** WHAT IS BEING ASKED **
From the data below, please reproduce exactly everything from the line that contains "24 X 8mm each" down to the line that contains "Comfortable to wear / butterfly push", with both ends included.

** AVAILABLE DATA **
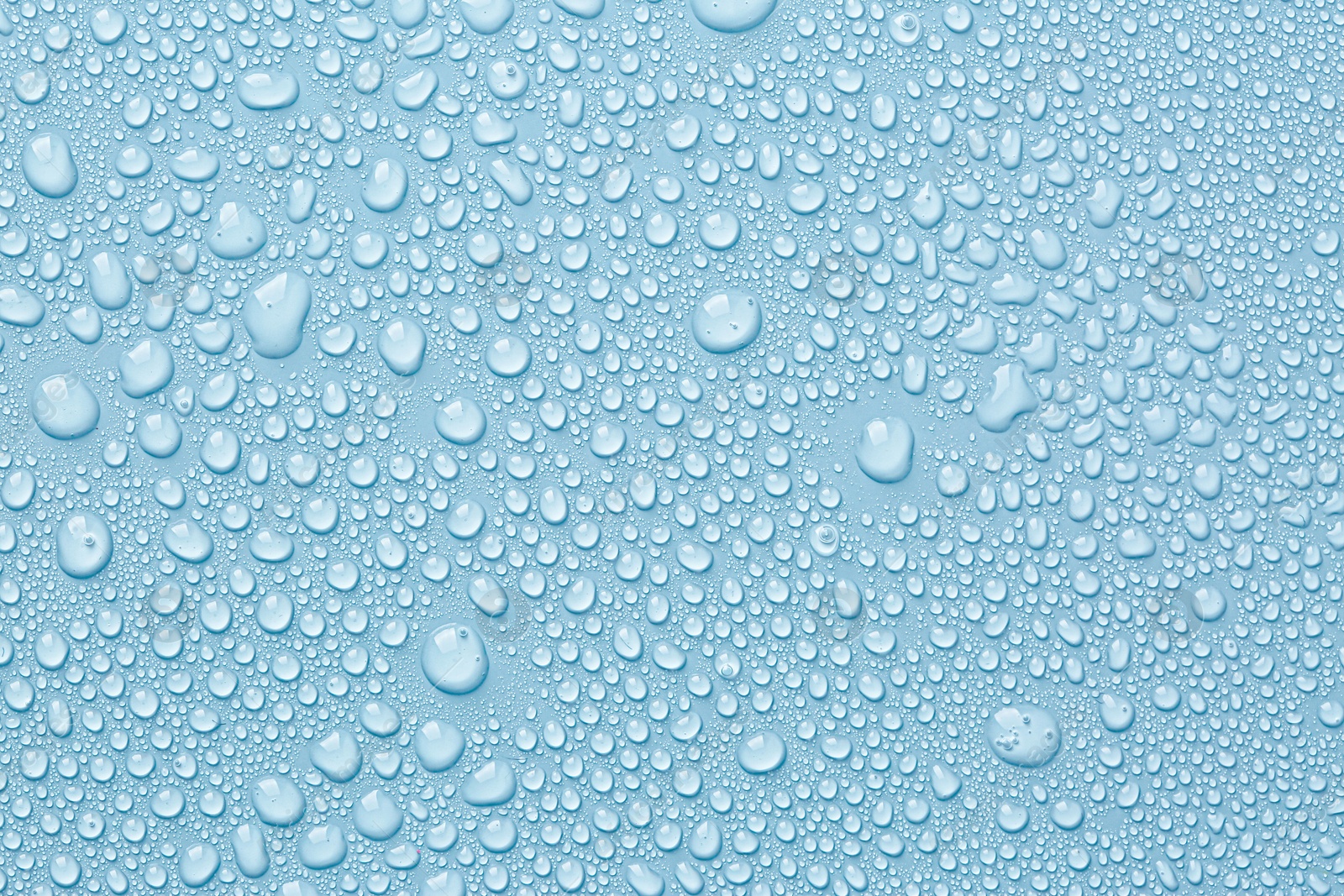 Image of Many water drops on light blue background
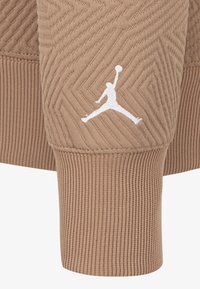 Il tessuto della felpa marrone a coste presenta un motivo a zigzag testurizzato con un logo Jumpman bianco sul polsino della manica destra.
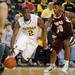 Michigan guard Carlton Brundidge dribbles around Alabama A&M guard Demarquelle Tabb. Angela J. Cesere | AnnArbor.com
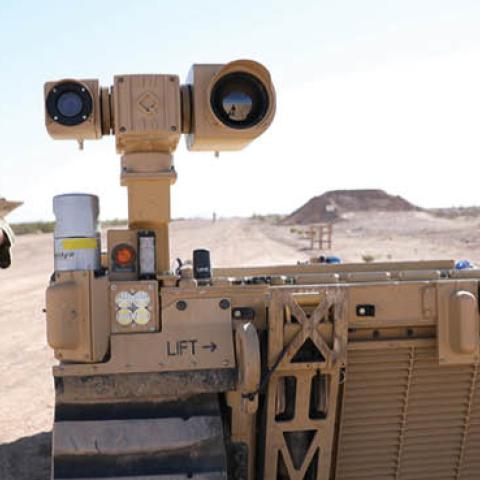 A soldier interacts with an unmanned ground vehicle during Project Convergence 2021. (U.S. Army/Marita Schwab)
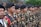 A group of people dressed in camouflage uniforms stand in a formation. They are wearing black berets and have badges on their uniforms. The environment is outdoors, with greenery and stone wall in the background.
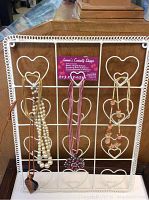 Full front view of the white metal frame featuring several necklaces hung on the heart-shaped hooks within the grid structure.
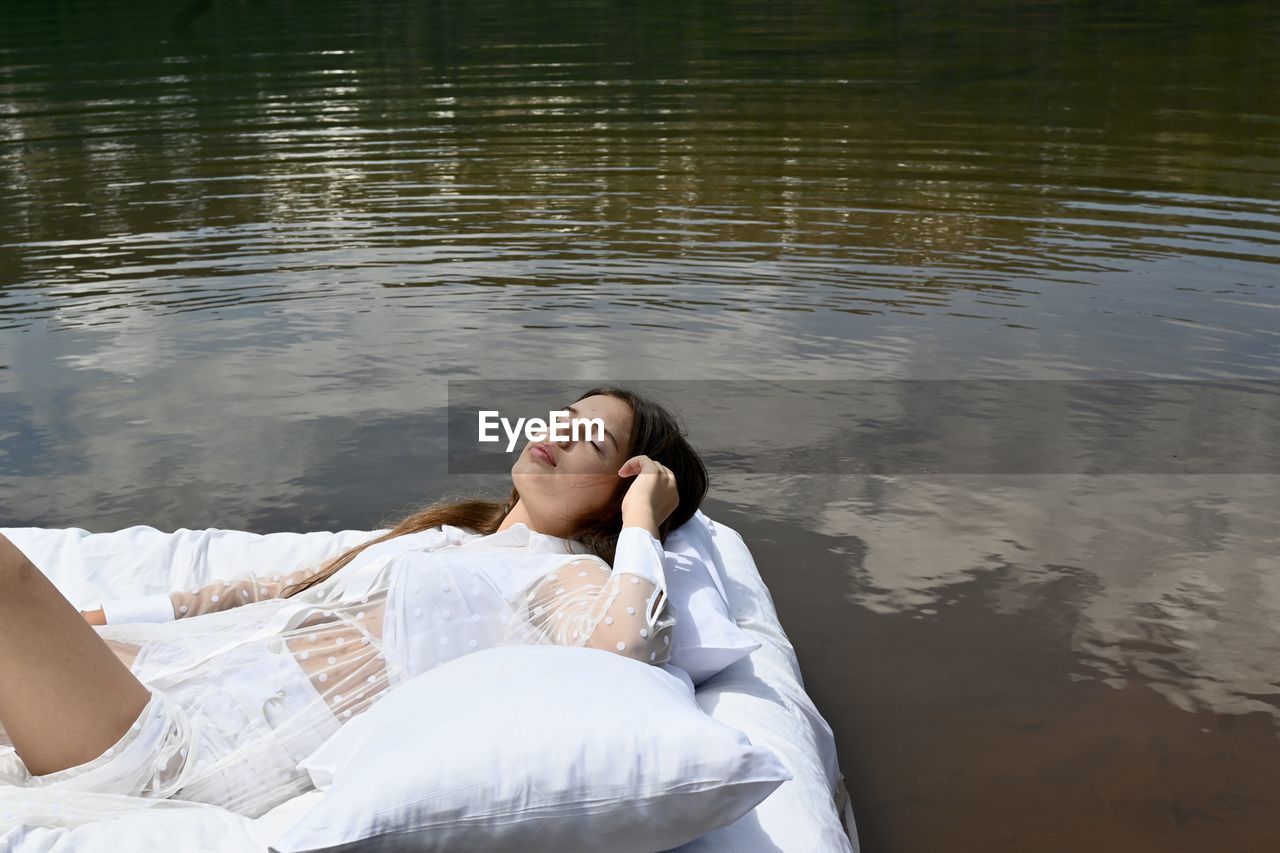 High angle view of woman lying on lake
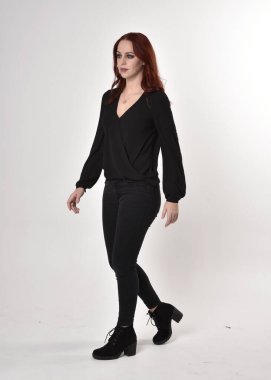 Siyah kot pantolon, bot ve bluz giyen kızıl saçlı güzel bir kızın portresi. Stüdyonun arka planında, kameraya doğru dik bir poz..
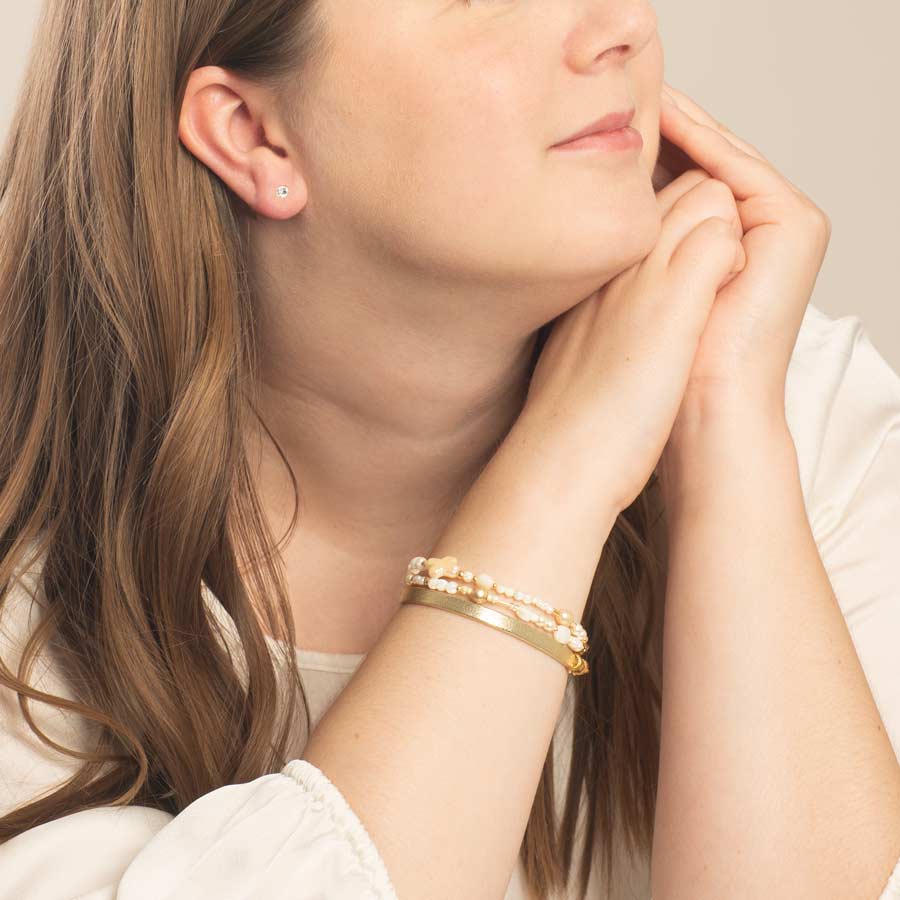 Woman Standing at counter wearing freshwater pearl and gold tone beaded med ID bracelet.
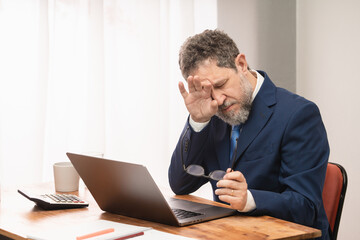 Businessman with Computer Struggling with Eyestrain - Stressed Middle-Aged Businessman Struggling...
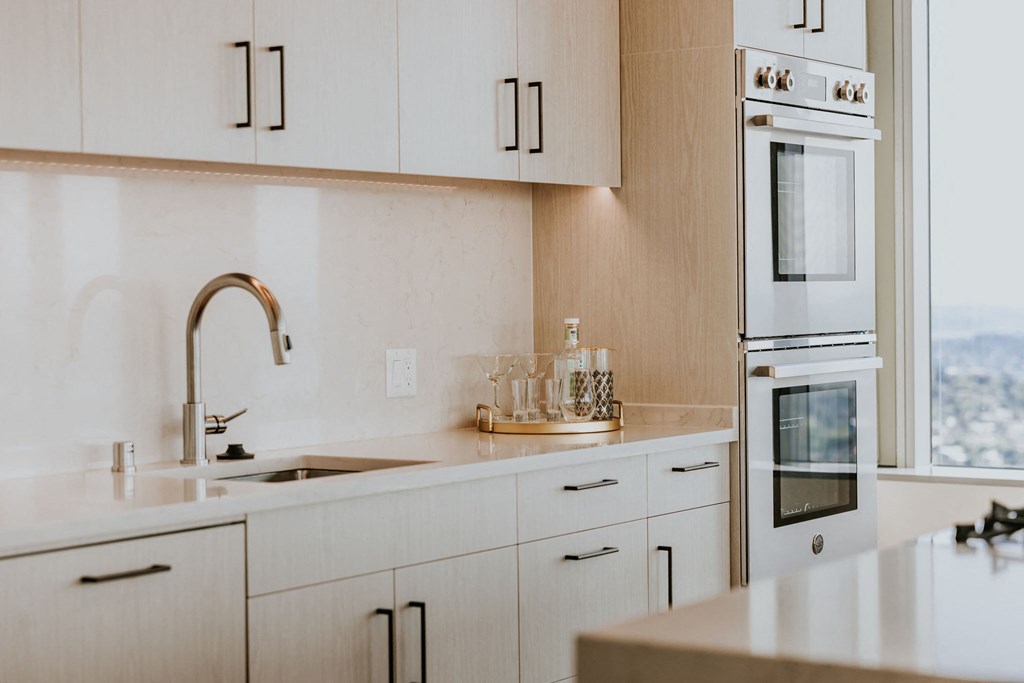 a kitchen with white cabinets and a sink and a window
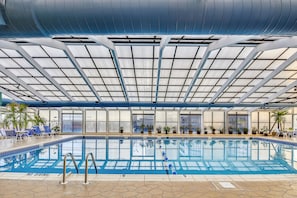 Uma piscina interior com teto de vidro, cadeiras azuis à beira da piscina e plantas em vasos.
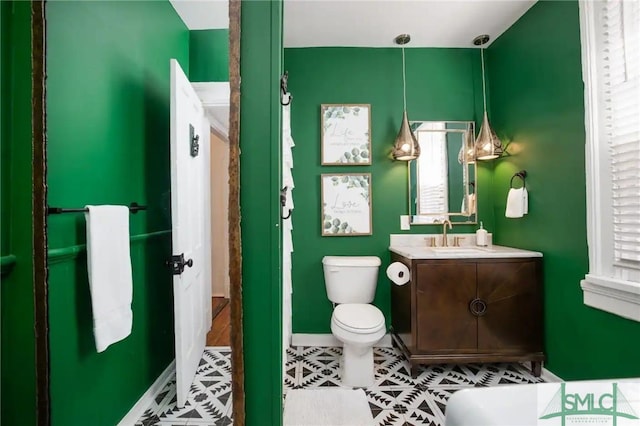 bathroom with tile flooring, toilet, and vanity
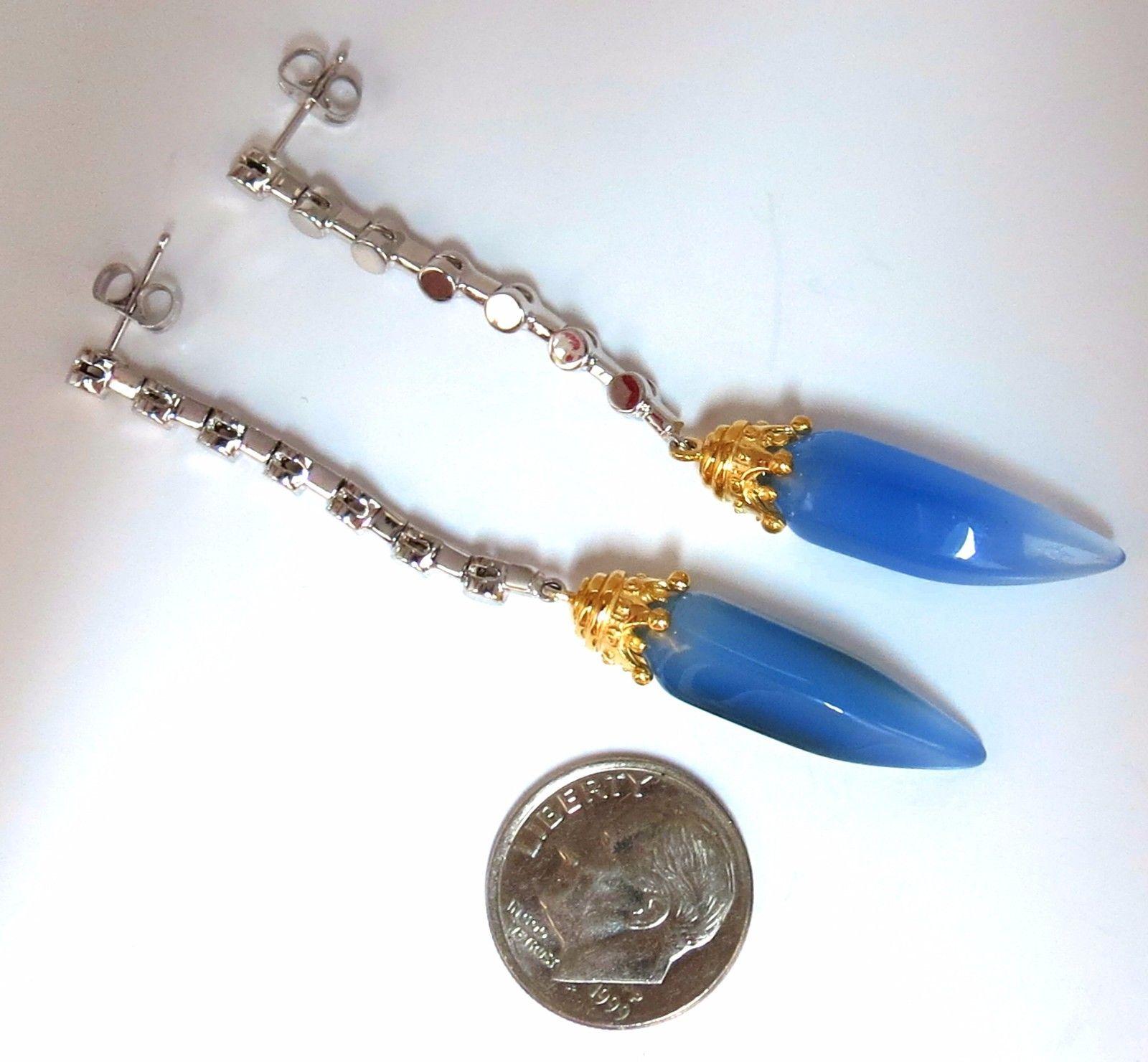 Natural Chalcedony dangle earrings.

Beautiful Match.

24 X 8mm each 

Gorgeous brilliance

Beautiful fade from lilac blue  

Overall measurements:

2.6 Inch long overall.

11 grams.

14kt. white / yellow gold.

Comfortable to wear / butterfly push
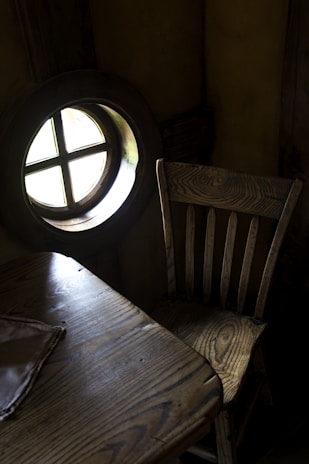 There is a rustic wooden chair next to a small wooden table. The table has a cloth partially on it, and both pieces of furniture have a distinct natural wood grain. A round window with a cross design is seen on the left side, allowing some light into the otherwise dark room.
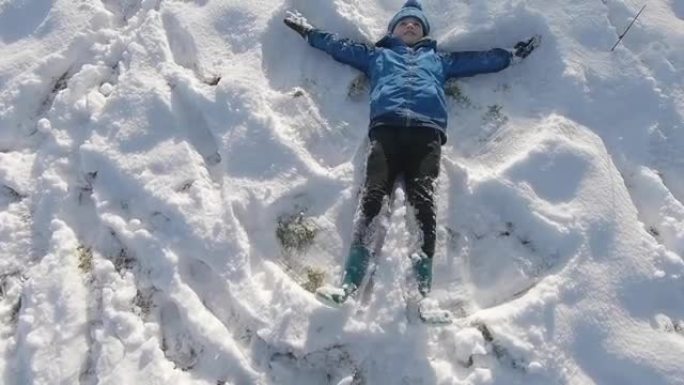 一个小男孩在新鲜的雪中向后倒下，用胳膊和腿做一个雪天使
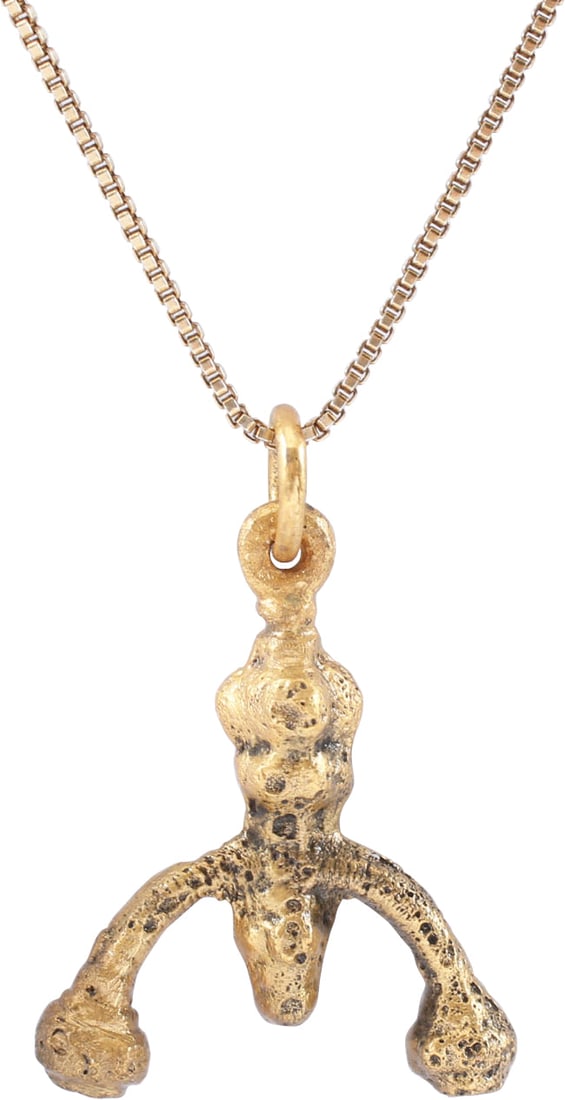 VIKING LUNAR PENDANT NECKLACE C.900-1000 AD.: Gilt bronze. As expert navigators, the constellations signified mystery and power to Vikings. Lunar pendants were worn as pectorals as well as suspended from belts, other clothing and horse harnesses.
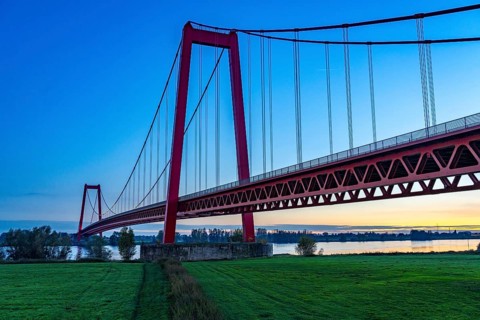 The Emmerich Rhine Bridge, federal road B220, evening light, at 803 m the longest suspension bridge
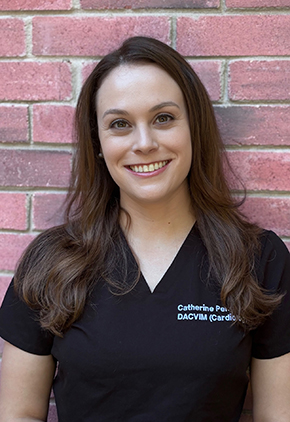 Dr. Catherine Peng smiles outside in front of a brick building. She is wearing black personalized scrubs.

** FINISHED TASK **
24 X 8mm each 

Gorgeous brilliance

Beautiful fade from lilac blue  

Overall measurements:

2.6 Inch long overall.

11 grams.

14kt. white / yellow gold.

Comfortable to wear / butterfly push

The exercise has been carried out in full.